Honestly, I could talk about all the differences that I experienced and I will, for a bit – but what was so difficult is that for a long time, I did not feel very present. I was very tired after being awake for around 30 hours and even after a lot of sleep, I felt like I lived in a haze. Everything felt so overwhelming and not doing anything at all was more than enough.
I revelled in the luxury that coming home meant. Warm water, a bathtub, heating inside*, the supermarkets, the speed of cars**, the richness. (You can read about all the adjustments of coming home here.) But I also missed the Nepalese streets, which were so alive. But most of all, I felt misplaced. So much had changed, for me/in me and here I was, back again in the same world that I left – with no change. Talking about Nepal was so difficult – how can you formulate 3 months in a story?
Telling the story
I don’t know why, but it took some time for me to let the impact and story of Nepal to sink in. I still do not understand why, but I guess those 3 months were so significant to me and that’s why it’s sometimes so difficult to wrap my head around it. Not a day goes by that I do not think back about the kids in the home and the whole experience keeps crossing my mind. All the pictures and video material have been on my laptop and I have barely looked at it since I came back. Only a few days ago, I took the time to watch every picture I took and it moved me so much. I look forward to do something with everything this experience got me and I hope I can share some more images with you – because, to be honest I’m also quite proud of my photographs. I’ll probably share a few, but a lot of it is personal.
Coming home, being home
I don’t know what made my feeling change, but after 3 weeks at home, I started to feel as if I was present in my (Belgian) life again. I am very happy that I gave myself some rest after coming home – and, at the same time, I’m glad that I also planned a few things as well. It’s the combination of resting and doing that made me feel me again. It’s strange how coming back can be so impactful, but that’s how it was. I met someone recently, who also travels a lot and for longer periods of time, and he said that the best thing is to not stay still for too long. And that’s what I did. I started working right after the holidays (less than two weeks after my return home) and my Belgian life got back on track by living it again.

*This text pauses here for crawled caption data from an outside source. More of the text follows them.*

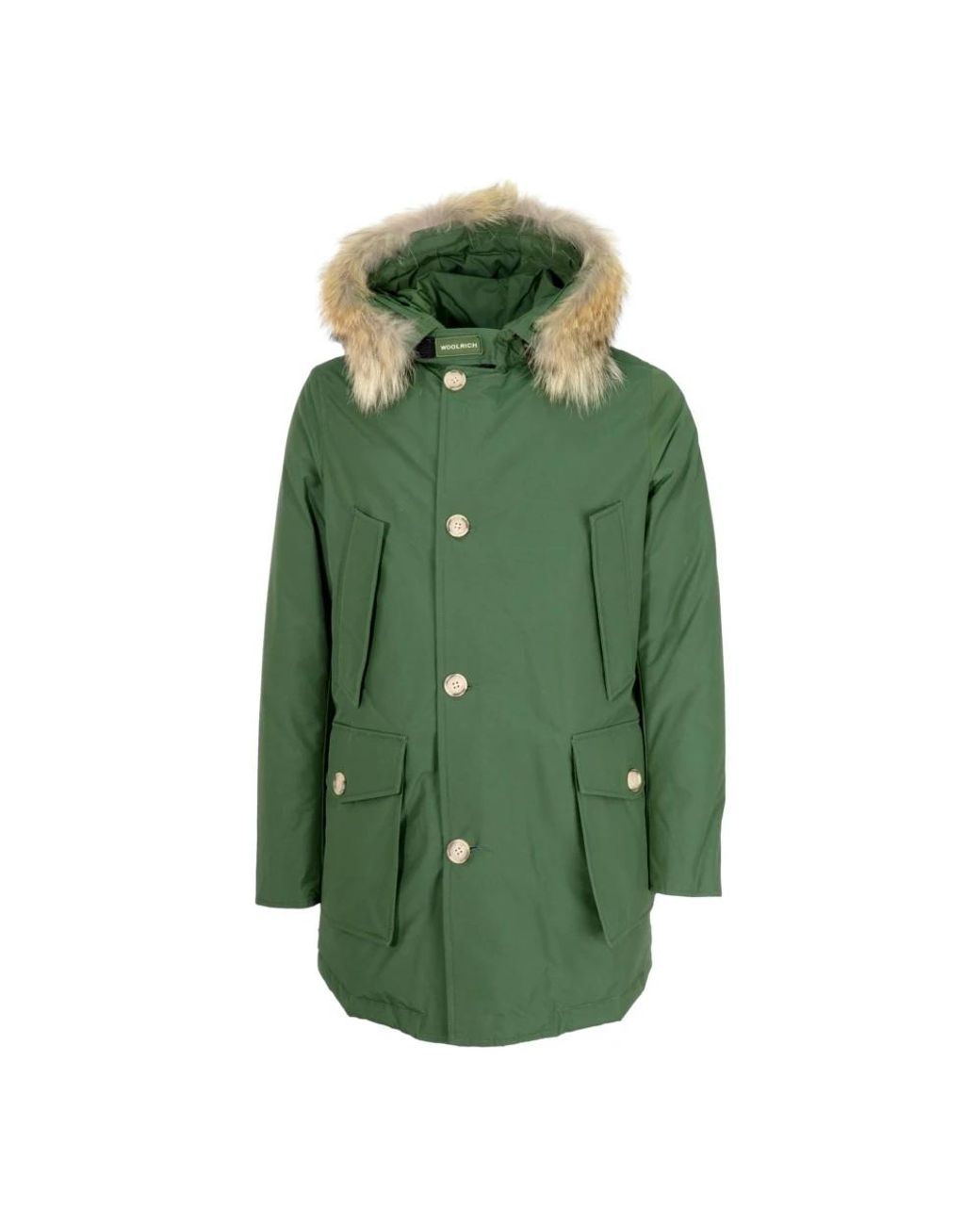 Winter Jackets di Woolrich in Blue da Uomo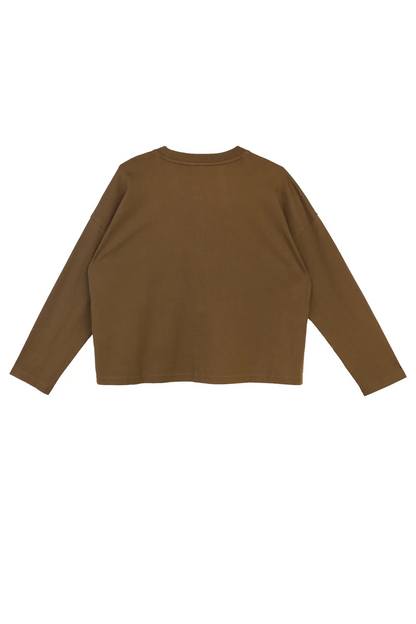 Lesley Top - Olive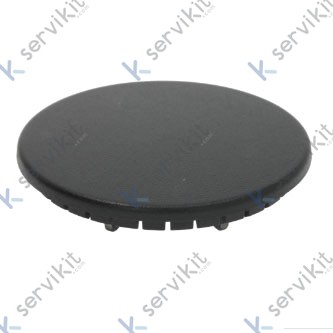 Tapa corona quemador Ø90mm cocina Angelo Po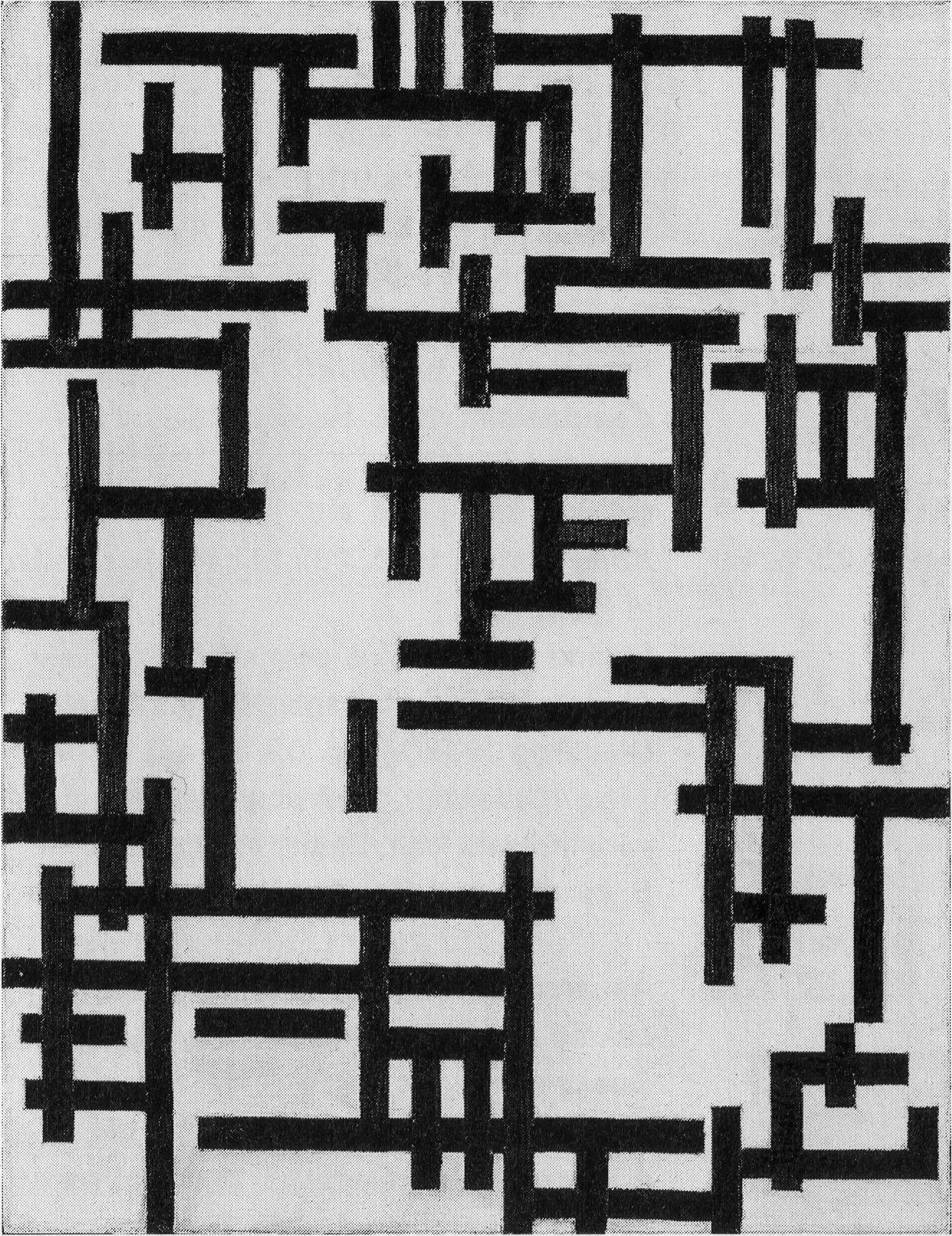 Composition XIII by Theo van Doesburg
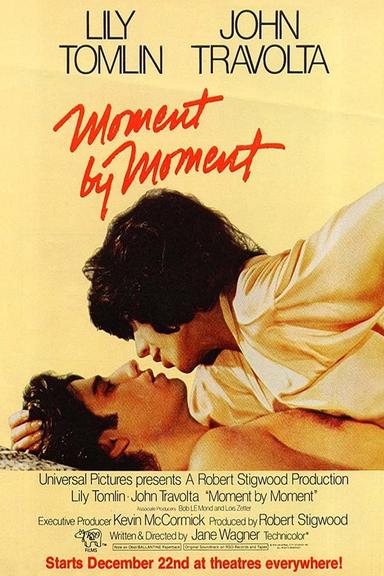 Moment by Moment poster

Nepal thaught me many things and there’s so much I took home with me (post to follow) and even though I’m still exactly who I am, I also am not anymore. I’m so grateful for what this experience gave me.
PS: To make clear, I was also very happy to be back home again. I missed so many people, especially my boyfriend and it was so good to return to all that again. But it’s never so black and white. And if I’m honest, I would’ve stayed longer in Nepal, if he would have been by my side (which is a good thing – thank you so much, Michiel for all that we have together).
* In Nepal, most people don’t have any heating. The climate is (in the capital, I’m not speaking for the countryside) warmer than in Belgium, but in the evenings it still got cold, around 7°C, so the home and the appartment always grew cold the moment the sun disappeared. I went to bed earlier because that was simply the easiest way to stay warm. And inside, you walk around in warm clothes and sit down with a blanket. In Belgium we keep out the outdoor climate. In my opinion, heating is a good thing, but seriously, we should not be able to walk around in T-shirts at home when it’s cold outside. Turn the heating down a notch and put on something warmer.
** In Nepal, the cars move quite slow – this is mostly due to the bad condition of the roads. I think the fastest was around 50km/h. It’s been more than 3 months since I’m back and the cars still go to fast for me!